Udacity’s earliest course offerings have been free, and although Thrun eventually plans to charge something, he wants his tuition schedule to be shockingly low. Getting a master’s degree might cost just $100. After teaching his own artificial intelligence class at Stanford last year—and attracting 160,000 online signups—Thrun believes online formats can be far more effective than traditional classroom lectures. “So many people can be helped right now,” Thrun declares. “I see this as a mission.”

There’s a startup boom in online higher education, but nearly all of the players hope to advance by working within the system. EdX is a joint venture of Harvard and MIT. Coursera has backing from Stanford, the University of Michigan and the University of Pennsylvania. 2Tor, which has raised $90 million in venture capital, runs online graduate programs in business and nursing for the likes of the University of North Carolina at Chapel Hill and Georgetown. Such startups see benefits in teaming up with universities to ­decide what should be taught online, how to teach it and how to handle delicate issues such as grading, course credits, diplomas and anticheating safeguards.

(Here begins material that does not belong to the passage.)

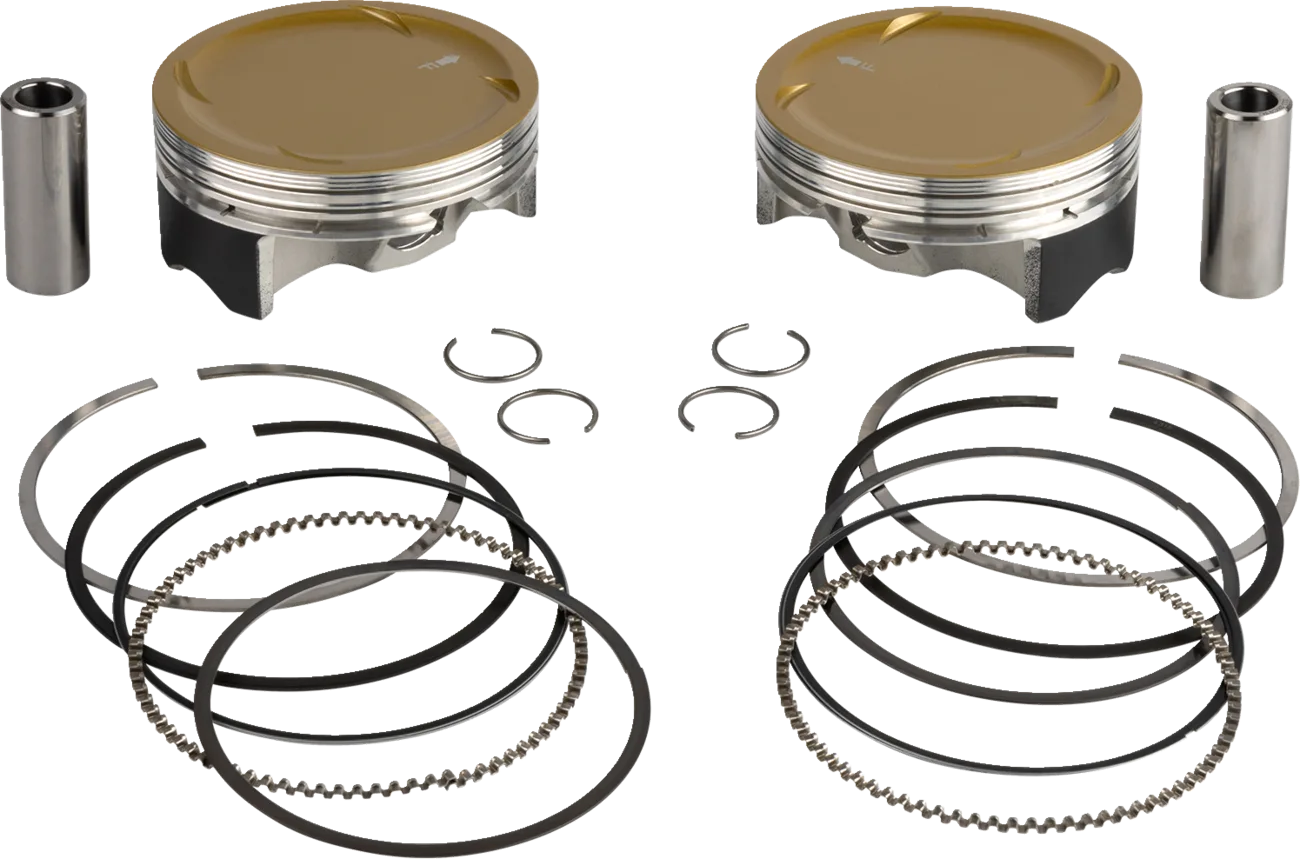 Ultra Series Piston Kit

Such careful collegiality is not the Thrun way. “It’s pretty obvious that degrees will go away,” Thrun says. “The idea of a degree is that you spend a fixed time right after high school to educate yourself for the rest of your career. But ­careers change so much over a lifetime now that this model isn’t valid anymore.”

So Udacity is charting its own path as a career academy for brainy people of all ages. Udacity’s offices are just a few hundred yards from Stanford, but they’re a world away from the school’s idyllic environs. Its open, barnlike work area has stained beige carpets, cheap desks and a Go board perched on a flimsy coffee table. Most of its 25 employees are video, graphics or software whizzes determined to make each second of online instruction as eye-catching and compelling as possible.

It currently offers 11 courses, for free, in subjects such as computer programming, statistics and mathematics, plus a robocar programmer’s workshop with Thrun himself. It rustles up some instructors from the likes of Rutgers and the state universities of Virginia and Utah. Other teachers are experts from industry. Faculty pay runs between $5,000 and $10,000 per course. Many of Udacity’s students are midcareer professionals who want to sharpen specific skills. Udacity later this year is expanding into the humanities. Thrun says the service will always have “a free path,” but the idea is eventually to charge for certificates or enhanced features such as chat.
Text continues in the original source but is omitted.